No one wants to admit it, but The Amazing Spider-Man 2 is a really good movie. Director Marc Webb tells a heart-wrenching tragedy, a bold and refreshing choice for a mainstream superhero blockbuster. Even more so than in its predecessor, Andrew Garfield and Emma Stone deliver fantastic performances–they are Peter Parker and Gwen Stacy. Also, Peter finally gets a friend in the form of Harry Osborn, which allows his character to shine in a way not seen in the first movie. The score is incredible, and composer Hans Zimmer makes sure the right instruments always come in at the right times. Seriously, the music in this film brings the energy in a way unlike any other in the series. While the choice to include both Electro and New Goblin as villains actually does have real benefits, the movie admittedly (and predictably) fails to fully flesh out either of them. 

At the end of the original Spider-Man, Tobey Maguire’s Peter says his powers are a gift and a curse. The Amazing Spider-Man 2 is unabashedly about the curse side of things, and it’s the most unique and criminally underrated film in the franchise.

With Marvel and Sony reaching a deal to share Spider-Man’s character rights came swinging in the franchise’s second movie reboot. Directed by Jon Watts and starring Tom Holland, Homecoming is able to breathe (or bite!) a new life into Peter Parker’s tried and tried again story, grossing over $800 million in the box office worldwide. 

With more of a focus on Parker’s youth and his everyday struggles as a high school sophomore, Homecoming masterfully toes the line between being an effervescent coming of age story and the typical virtuous superhero movies that Marvel’s known for. Alongside notable actors like Zendaya and Michael Keaton, Holland’s excitement for his character shines through his performance, signaling a bright start to his Spider-Man trilogy.
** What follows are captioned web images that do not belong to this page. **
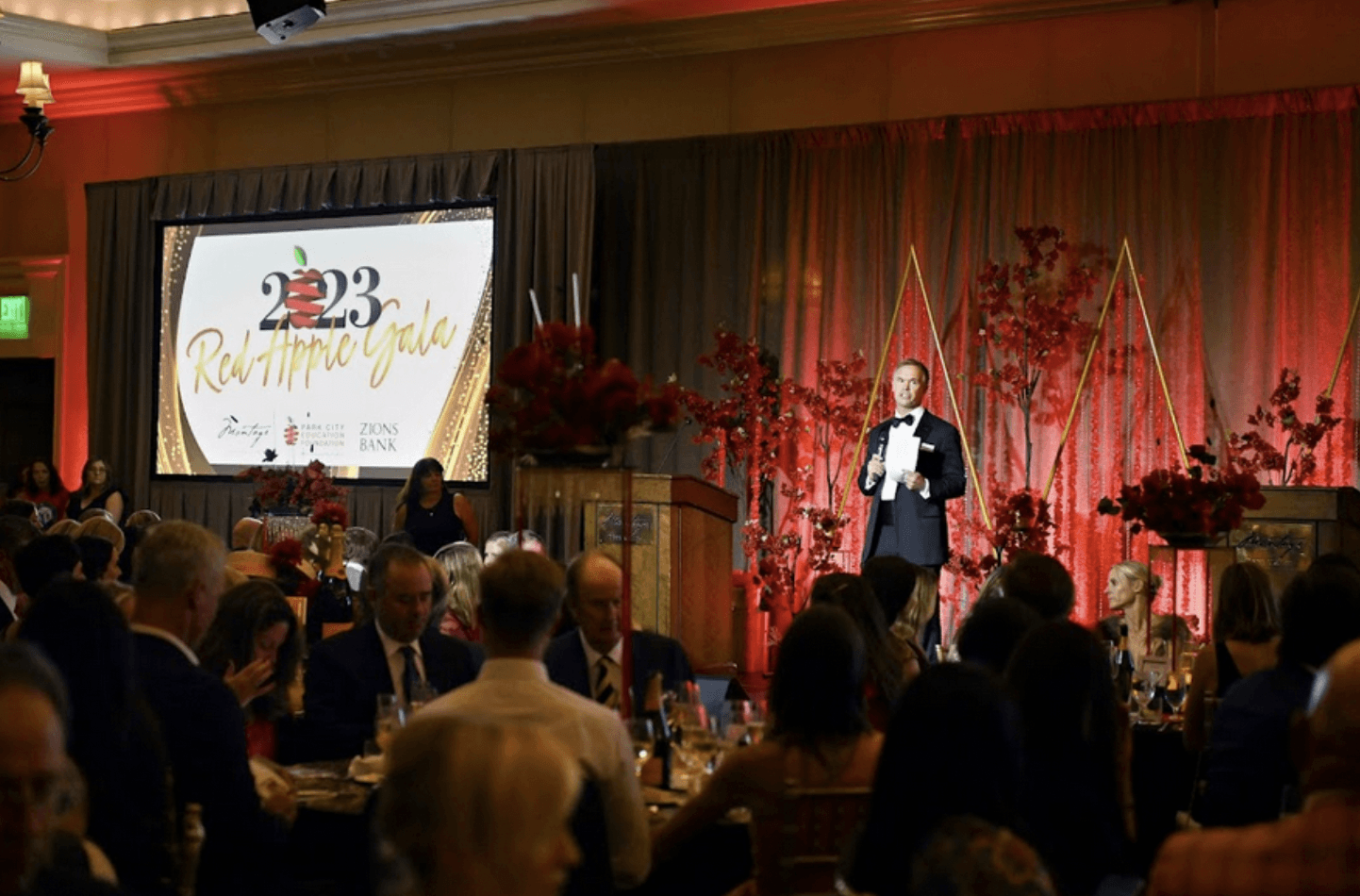 Red Apple Gala puts the Shine on Fundraising for School Programs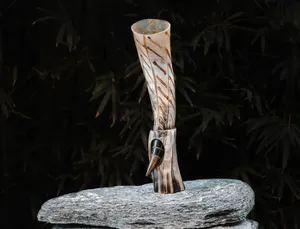 Corne à boire traditionnelle viking en corne de buffle, thème Amour, durable, faite à la main, avec support et gravures personnalisées, pour cadeau d'entreprise - Product Image 4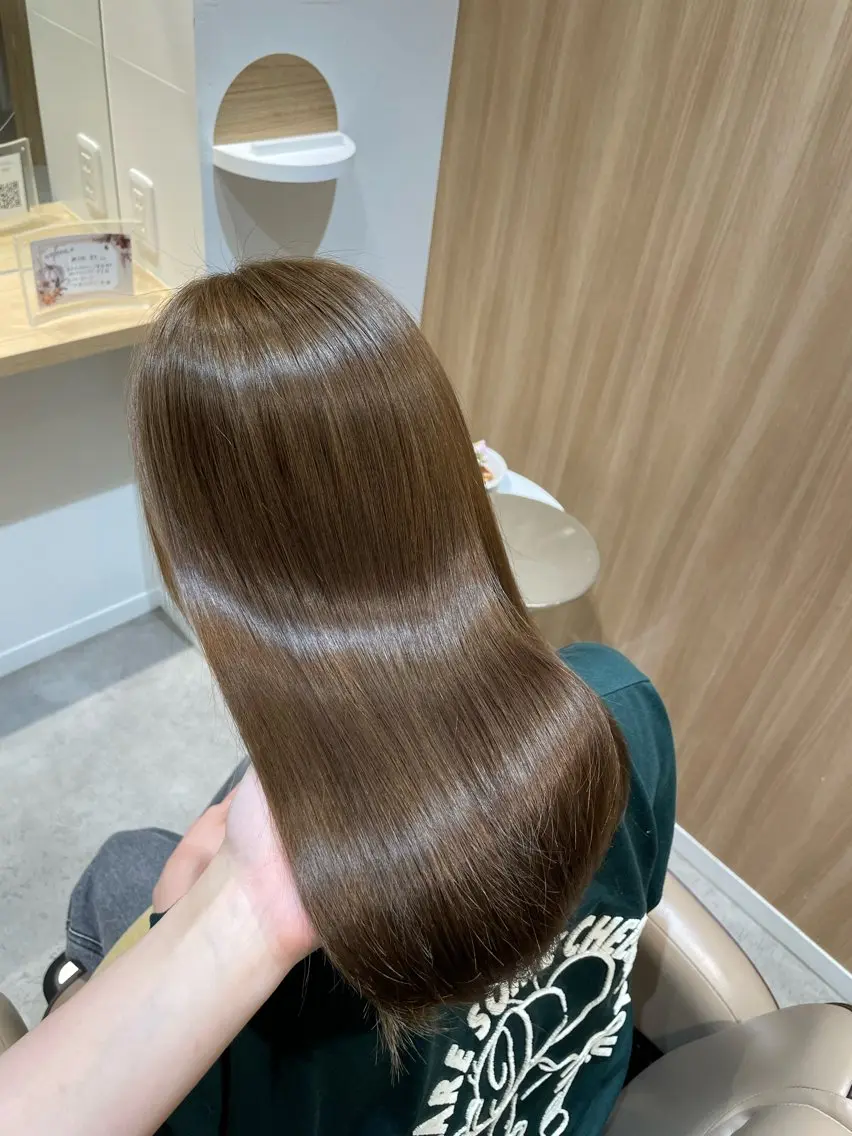 セミロング カラー ベージュカラー MIKU .のヘアスタイル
Facing the challenge of following Marvel’s adored Avengers: Endgame, Far From Home is just able to satisfy standards, but isn’t able to make that spider swing to surpass Homecoming.  Following its predecessors’ theme of a teen-movie story crashed by otherworldly villains, Parker and his friends attempt to have a relaxing summer field trip, but are rudely interrupted by apocalyptic-themed creatures and an unfamiliar face placed by Jake Gyllenhaal. 

Perhaps the best aspect of the film is Holland’s newfound confidence in his character, as well as his charming yet awkward chemistry with Zendaya’s MJ. Apart from that, the rest feels like Marvel is just going through the motions. The overabundance of special effects fails to conceal the contrived plot and tired dialogue.